## Data excerpts
________________

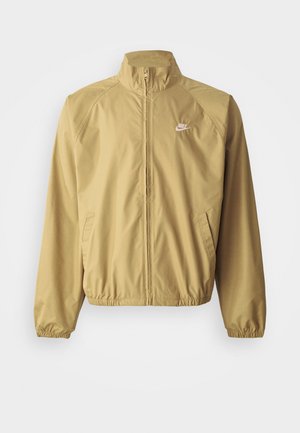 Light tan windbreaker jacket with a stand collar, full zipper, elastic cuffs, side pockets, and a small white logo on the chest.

________________

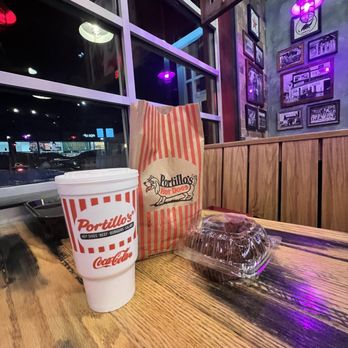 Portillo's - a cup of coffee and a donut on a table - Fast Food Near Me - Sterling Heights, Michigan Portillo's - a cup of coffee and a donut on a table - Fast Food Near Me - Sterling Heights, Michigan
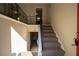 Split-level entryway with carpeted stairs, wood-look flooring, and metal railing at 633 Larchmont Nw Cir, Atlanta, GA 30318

________________

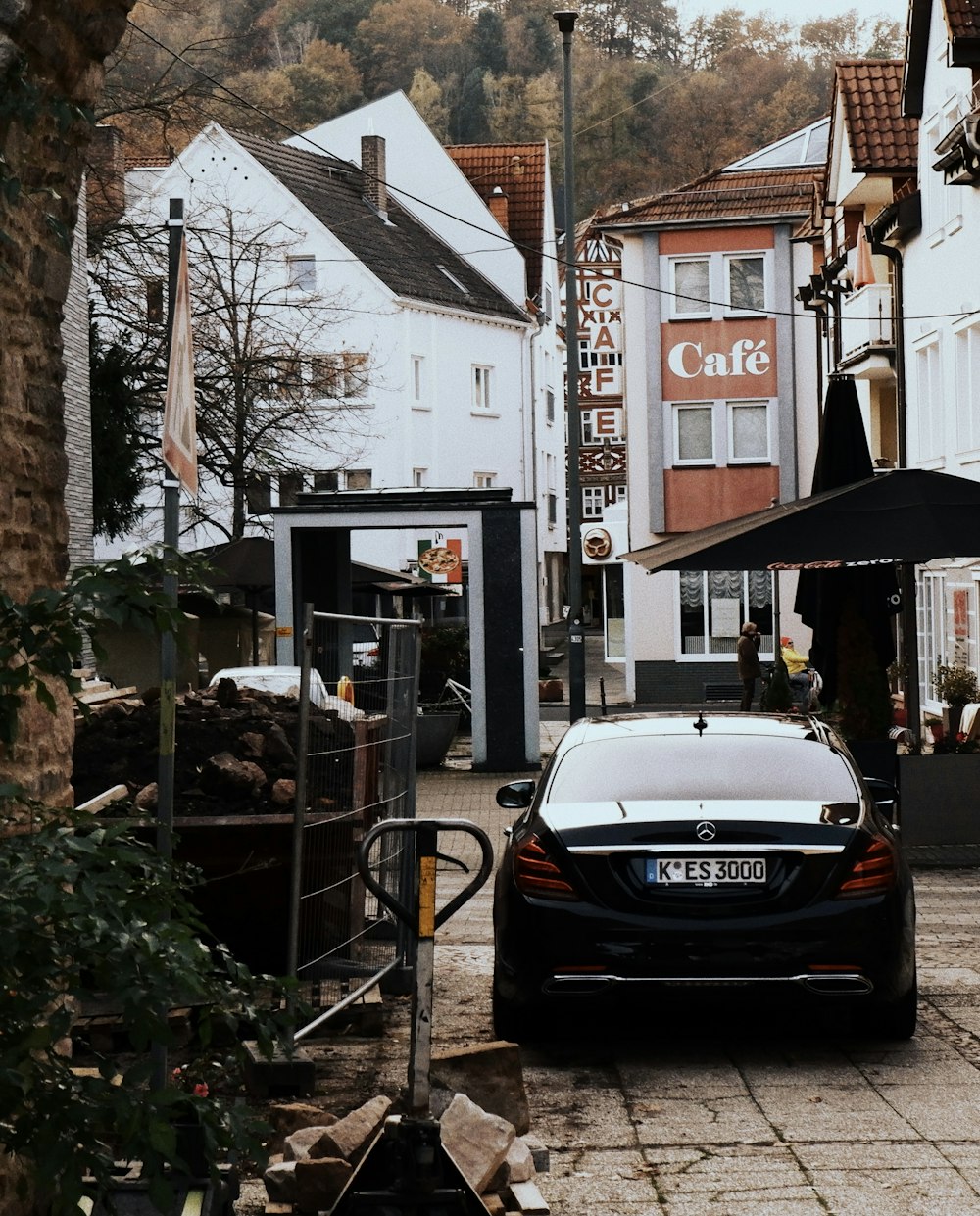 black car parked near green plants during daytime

________________

Write out word for word the lines of the listing above from the line with "Heights, Michigan Portillo's" to the line with "Split-level entryway with", taking in both of those lines but no pictures.

 Portillo's - a cup of coffee and a donut on a table - Fast Food Near Me - Sterling Heights, Michigan Portillo's - a cup of coffee and a donut on a table - Fast Food Near Me - Sterling Heights, Michigan
 Split-level entryway with carpeted stairs, wood-look flooring, and metal railing at 633 Larchmont Nw Cir, Atlanta, GA 30318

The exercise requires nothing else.